Exercise goal –
Return the data verbatim, without pictures.

Input data –
====================
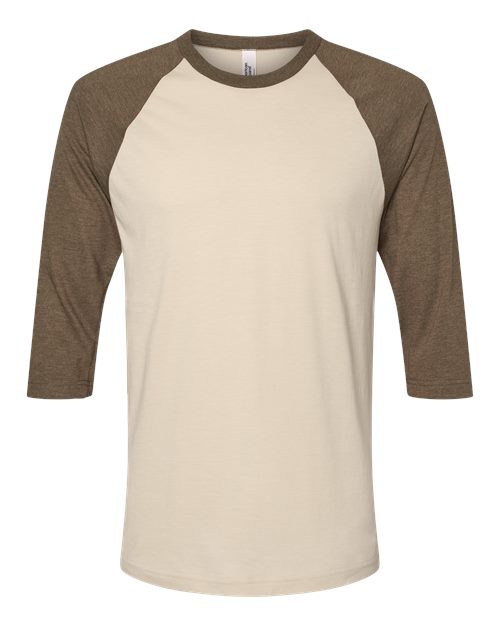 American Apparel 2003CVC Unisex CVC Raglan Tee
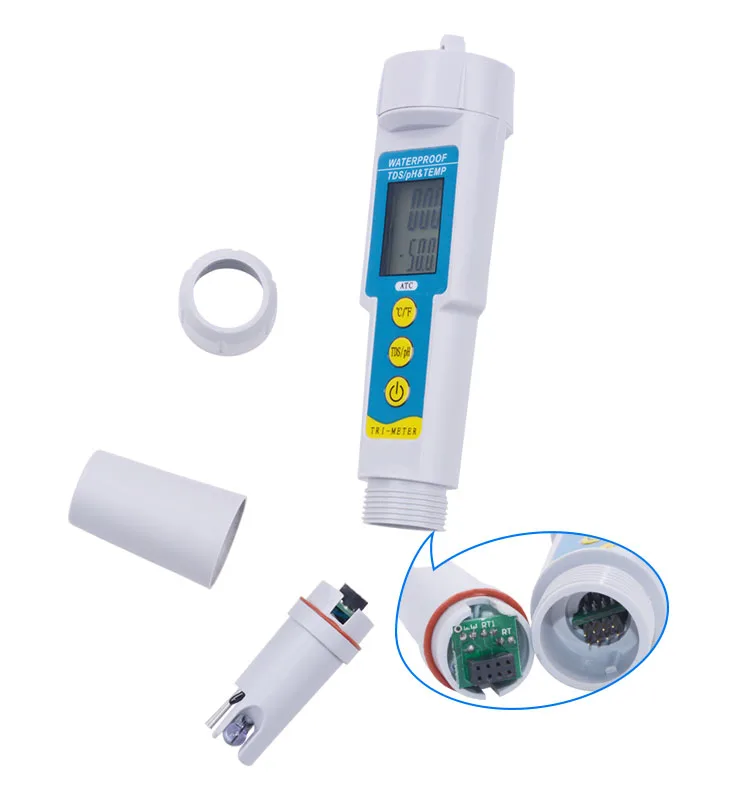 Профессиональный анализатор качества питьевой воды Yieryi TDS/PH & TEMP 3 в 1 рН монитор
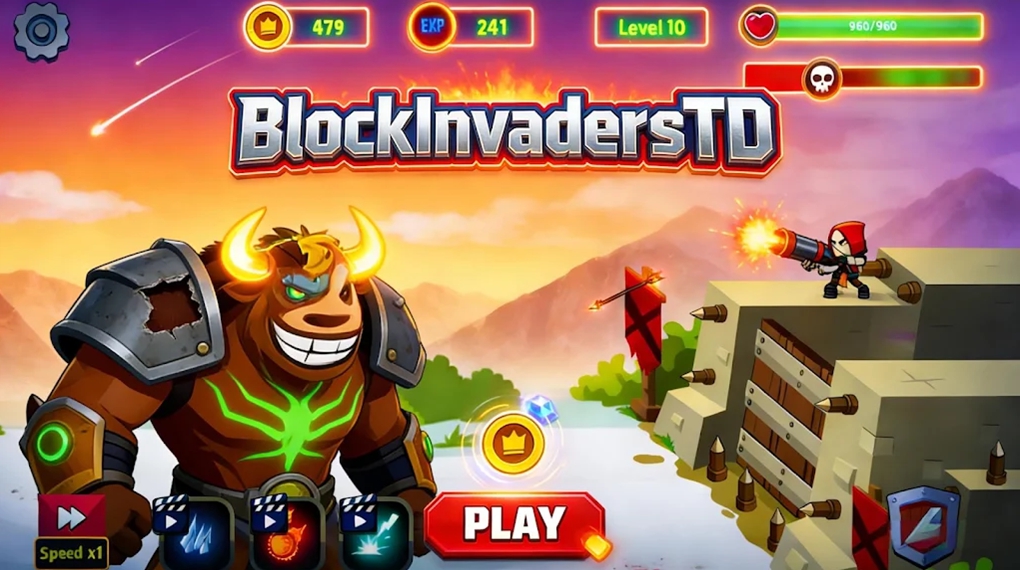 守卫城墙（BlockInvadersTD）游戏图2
====================
Exercise answer –
 American Apparel 2003CVC Unisex CVC Raglan Tee
 Профессиональный анализатор качества питьевой воды Yieryi TDS/PH & TEMP 3 в 1 рН монитор
 守卫城墙（BlockInvadersTD）游戏图2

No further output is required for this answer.